Although there’s a heavy dose of indie rock’s heritage on show at ATP, there are a number of newer acts also playing the festival. The previous week the NME had announced that The Horrors had won their Album of the Year poll with Primary Colours. It was a surprising choice to me as it wasn’t an album that grabbed me and sounded like a watered down version of its obvious shoegaze influences crossed with the almost-manadtory-these-days U2 references. Seeing them play live for the first time did little to sway my opinion although they aren’t helped by the sound in the Pavillion Stage and watching them you’d never have thought they might be on an end-of-year high. They give the impression that it’s all too much of an effort for them.

Upstairs Pete Kember’s Spectrum is playing with the full band and puts in a far superior performance to his legendary solo show at The Step Inn a few years ago. He’s happy to be there and it shows. There’s no technical issues, there’s no unnecessary and unhelpful lambasting of the soundman and the healthy crowd is appreciative of his efforts. As expected he plays a few Spaceman 3 songs in his set including Revolution, Suicide, How You Satisfy Me and the band’s cover of Mudhoney’s When Tomorrow Hits. It’ll always be a shame that Brisbane didn’t get to experience this version of Pete Kember.

I like a lot of what Sonic Youth are about and what they do. I like the artistic approach they take to their music, I like the experimentation, I like the guitar tunings, I like how they’ve conducted themselves over the last few decades and their support of upcoming bands, there’s a tonne of photos of them that I really like, I like the videos, I like that they’ve always looked ‘cool’, I like the sound of Kim Gordon’s voice and Thurston Moore’s isn’t too bad either. They seem like really, really nice people. The only problems that I really have is that I’m not a very big fan of the music. I’ve never, ever been able to explain it and I’ve heard enough and seen them play enough to have been convinced if I was ever going to be convinced and if the band were ever going to make a breakthrough with me on a personal level. I don’t mind the songs but they’ve never really grabbed me in the same way just about every other music fan I know has been. In a lot of ways, there needs to be more bands like Sonic Youth; their positives make them an infinitely more interesting band than all the landfill indie that’s blighted the music scene over the last few years. Tonight is about as close as they get to that breakthrough though, although it has the added benefit of getting to photograph them for the first time, which is thrilling but so short and sweet. It’s also surprising given that the bulk of their set comes their latest album, The Eternal. The first three songs fly by and at the end I’m disappointed with the photos I’ve taken. Photographing the Pavillion Stage is difficult as the stage is so high and there’s a couple of speakers on stands set up in the photo pit that completely block certain angles and which you have to be mindful of every time you move around.

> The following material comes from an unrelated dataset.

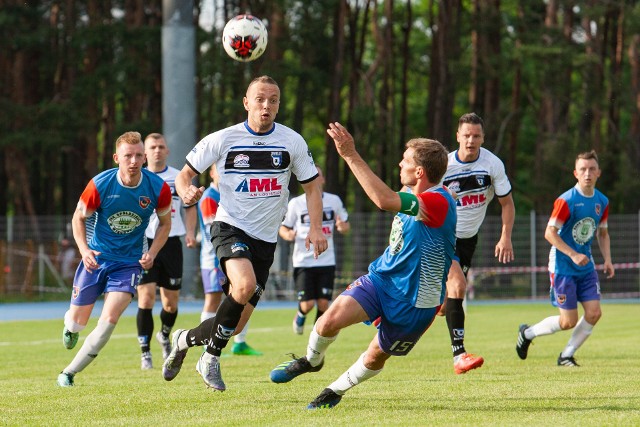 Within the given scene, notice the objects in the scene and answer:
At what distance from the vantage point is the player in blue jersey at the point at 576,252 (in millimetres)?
11062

Although I’m enjoying Sonic Youth as much as I’ve ever have, I duck out before the end of their set to check out a bit of Robin Gutherie. He’s playing a solo set in Reds with a lot of chorus and delay and accompanied by visuals from a projector playing onto the back wall behind him. It’s pleasant enough, fairly ambient as you’d expect, and he’s in jovial form, but could do with a full band behind him to flesh it out more, and a vocalist. Say Liz Fraser.

Although My Bloody Valentine are the headlining curators, there’s still a couple of bands after them. Everything is on the Centre Stage so it means the stage has to be cleared and set up again so by the time No Age start, it’s heading towards 1am. I’m just not a fan of really late shows. You can do it with ease when you’re young, but the older you get the harder it becomes and the less you enjoy it. On top of that it’s been a long day and fairly alcoholic day and one that follows on from more of the same the day before. The main reason for sticking around is the rumour that Bob Mould will be making a guest appearance with the band and playing a couple of Husker Du songs. The rumour turns out to be true, although they only play a couple of songs, Zen Arcade’s Something I Learned Today and the band’s debut single In A Free Land but I manage to miss half of it thanks to being in the queue for the toilet.

It’s really late but there’s still one band to go: Fucked Up. This is the first time I’ve seen them and writing this post almost 2 1/2 years later it’s still the only time I’ve seen them play. They come out to Australia but I keep missing them, largely because they’ve played big shows I wasn’t interested in (supporting the Foo Fighters, my lack of interest solely due to their photo contract) or they’ve played festivals but clashed with the main headliner (playing at the same time as Iron Maiden at last year’s Soundwave). By the time they start it’s after 2:30am so I’m not really in the mood and only stay for a few songs before calling it a night. based on a very limited opinion from a very tired mind, they’re a faceless punk band fronted by a bald, fat man, who gets his shirt off at the first instance, crushes coke cans on his forehead and pours drinks over himself before jumping into the crowd. I’m left wondering what the far superior Sixfthick have to do to get to play a big and high profile festival like ATP.